A bipartisan House bill has been introduced that would fix a GOP tax law drafting error known as the “retail glitch.” The House bill, having over a dozen co-sponsors, is a companion measure to a bipartisan Senate bill introduced in March.
The Restoring Investment in Improvements Act (HR 1869), sponsored by House tax writers Reps. Jimmy Panetta, D-Calif., and Jackie Walorski, R-Ind., would allow restaurants, retailers, and other leaseholders to immediately write off the cost of certain improvements. The Tax Cuts and Jobs Act (TCJA) ( P.L. 115-97), enacted at the end of 2017, inadvertently excludes qualified improvement property (QIP) from the new 100 percent bonus depreciation provision.
The measure is a “small but critical fix for our job creators, and technical corrections like this are a normal part of the process when Congress enacts major reforms,” Walorski said in a recent press release. “This bipartisan, commonsense bill will allow restaurants, retailers, and other small businesses to unlock the full benefits of tax reform and continue driving our nation’s economic growth.”
Similarly, Panetta highlighted the negative impact that the loss of immediate expensing has caused many small businesses. “Our bill will allow restaurants, retailers, and other businesses to make the improvements they need to keep their stores competitive and safe and plan for the future,” he said.
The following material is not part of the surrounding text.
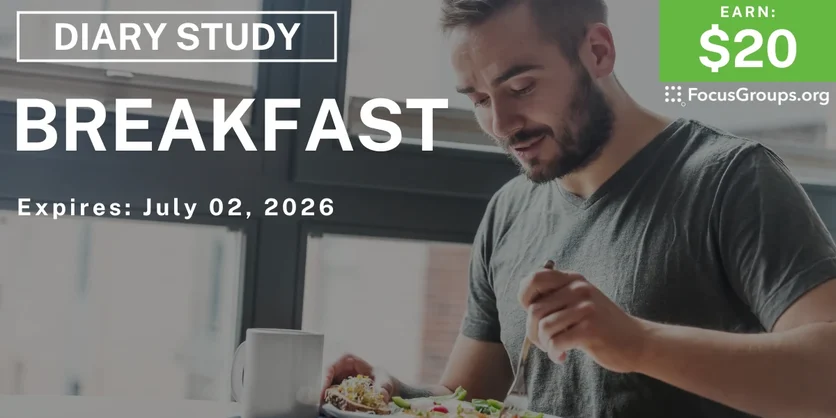 Research Study on Breakfast - $20 - $20 - 06/19/2026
Although the “retail glitch” measure has solid bipartisan support, Democrats in general have seemed hesitant to fix any errors in the GOP tax law. To that end, House Ways and Means Committee Chairman Richard Neal, D-Mass., has said he would like to hold a hearing on technical corrections for the TCJA. The committee’s March 27 hearing on the TCJA did not specifically address technical corrections.